The PPPTs function similarly to the emergency condensers: as long as the RPV water level is higher than the reference level, there is stratification on the primary and secondary sides and negligible heat loss. When the RPV water level drops below the reference level, the water level in the PPPTs drops accordingly until steam comes in contact with the heat exchanger tubes. In principle there is natural circulation on both the primary and secondary sides. The water inside the tubes is heated up by the steam and the condensed steam returns to the RPV. When the water inside the tubes evaporates, the pressure on the secondary side increases and would reach primary-side pressure after a longer period of time. A switching device is actuated once the secondary side reaches a pressure of 6 bar (gage) in order to obtain a shorter actuation time period.

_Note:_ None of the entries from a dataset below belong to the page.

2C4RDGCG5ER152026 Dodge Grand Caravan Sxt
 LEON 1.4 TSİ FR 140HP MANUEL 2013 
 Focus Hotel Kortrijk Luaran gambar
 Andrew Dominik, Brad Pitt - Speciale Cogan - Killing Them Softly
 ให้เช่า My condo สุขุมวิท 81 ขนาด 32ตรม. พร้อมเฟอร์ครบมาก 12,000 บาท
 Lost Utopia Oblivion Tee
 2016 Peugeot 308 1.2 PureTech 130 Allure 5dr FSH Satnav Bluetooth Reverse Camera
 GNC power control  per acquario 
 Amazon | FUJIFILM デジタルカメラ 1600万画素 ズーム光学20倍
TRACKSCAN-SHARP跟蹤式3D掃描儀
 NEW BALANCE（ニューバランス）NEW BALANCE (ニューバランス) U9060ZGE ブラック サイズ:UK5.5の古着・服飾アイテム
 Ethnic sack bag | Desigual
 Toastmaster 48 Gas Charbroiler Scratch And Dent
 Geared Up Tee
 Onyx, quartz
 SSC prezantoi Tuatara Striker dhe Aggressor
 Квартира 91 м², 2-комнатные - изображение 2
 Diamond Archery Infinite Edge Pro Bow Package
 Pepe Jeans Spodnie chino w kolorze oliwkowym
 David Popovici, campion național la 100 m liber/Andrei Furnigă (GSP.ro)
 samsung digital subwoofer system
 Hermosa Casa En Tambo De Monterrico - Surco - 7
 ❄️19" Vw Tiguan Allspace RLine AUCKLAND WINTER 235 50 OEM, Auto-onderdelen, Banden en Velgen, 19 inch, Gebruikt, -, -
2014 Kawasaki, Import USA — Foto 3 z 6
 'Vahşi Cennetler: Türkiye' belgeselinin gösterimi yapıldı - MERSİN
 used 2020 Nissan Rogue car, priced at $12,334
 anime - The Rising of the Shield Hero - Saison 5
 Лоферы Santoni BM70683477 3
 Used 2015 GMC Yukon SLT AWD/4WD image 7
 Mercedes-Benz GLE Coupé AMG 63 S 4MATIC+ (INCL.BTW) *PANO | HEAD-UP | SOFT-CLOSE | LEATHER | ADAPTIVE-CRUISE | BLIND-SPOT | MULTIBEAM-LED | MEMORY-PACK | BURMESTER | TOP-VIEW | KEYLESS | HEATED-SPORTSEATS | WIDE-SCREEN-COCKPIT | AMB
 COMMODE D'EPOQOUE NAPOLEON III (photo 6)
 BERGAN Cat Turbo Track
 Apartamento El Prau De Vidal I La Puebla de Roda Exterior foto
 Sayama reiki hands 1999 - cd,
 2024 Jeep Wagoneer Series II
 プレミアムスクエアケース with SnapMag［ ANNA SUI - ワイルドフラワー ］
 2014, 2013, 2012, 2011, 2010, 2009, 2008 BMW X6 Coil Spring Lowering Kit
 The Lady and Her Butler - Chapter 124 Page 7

Pressure differentials of several Pa on the primary side lead to pressure increases of several bar on the secondary side. This is a good example showing that passive devices are not necessarily connected by small driving or acting forces.

On the secondary side, forced or natural circulation should be prevented in order to obtain short actuation times. Otherwise the main secondary-side water inventory must be heated until a level of 6 bar (gage) is reached. In the last of the five design variants tested, nearly stratified conditions were achieved on the secondary side and the actuation time was only about 5 s.